Three missteps to avoid
In addition, here are three important mistakes to avoid in the first 90 hours:
- Don’t announce a change to the brand name or logo. Everyone’s a marketing expert, and making such a bold move will just give your skeptics and opponents a chance to undermine your authority before you’ve left the starting gate.
- Don’t hire anyone quickly without vetting them with multiple insiders. Feedback you receive from colleagues about any job candidate will reveal as much about the managers doing the interviewing as it does about the candidate.
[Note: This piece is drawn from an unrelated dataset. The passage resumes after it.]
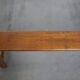 Banc antique en bois, France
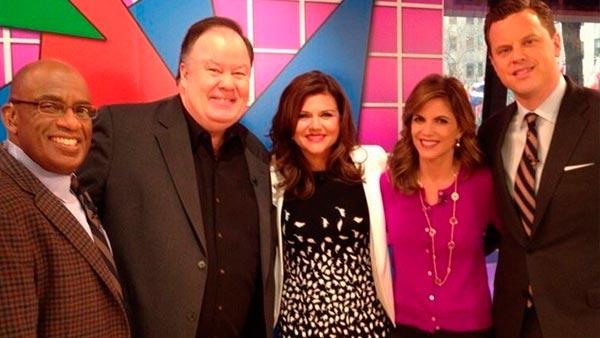 Al Roker, Dennis Haskins, Tiffani Thiessen, Natalie Morales and Willie Geist appear on NBCs Today show on Feb. 5, 2013. - Provided courtesy of twitter.com/mrbelding/status/298814339459190784/photo/1 Al Roker, Dennis Haskins, Tiffani Thiessen, Natalie Morales and Willie Geist appear on NBCs Today show on Feb. 5, 2013. - Provided courtesy of twitter.com/mrbelding/status/298814339459190784/photo/1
And if you do make an external hire who doesn’t work out (possibly because those resisting change may be saying they reject you by rejecting the new hire), clean up the mistake decisively. Don’t let it linger.
- Don’t take the bait. Avoid accepting early speaking invitations, internal or external, before you have the lay of the land and have a better idea which engagements you should accept and which you can delegate. Avoid being drawn into lengthy email discussions about strategy and personnel matters. If the culture is toxic, you may receive emails critiquing some of your top team selections. Ignore all such communications. If necessary, invite the senders to make an appointment with you a couple of weeks out, once you’ve had a chance to settle into the role and get to know your colleagues better.
If you follow all of this guidance, you’ll have heard almost everything you need to know by the end of your first 90 hours. The difference between 90 days and 90 hours: You will not have wasted time hearing input from everybody. But, in today’s fast-paced climate, it’s more important to maintain the organization’s momentum and give swift reassurance during a leadership transition.
Most organizations today can afford to take a timeout for 90 hours, but 90 days is now far too long. You were hired to do a job. So get on with it.
John Quelch is the Charles Edward Wilson Professor of Business Administration Emeritus at Harvard Business School. He is also Leonard M. Miller University Professor and former dean of the University of Miami Herbert Business School.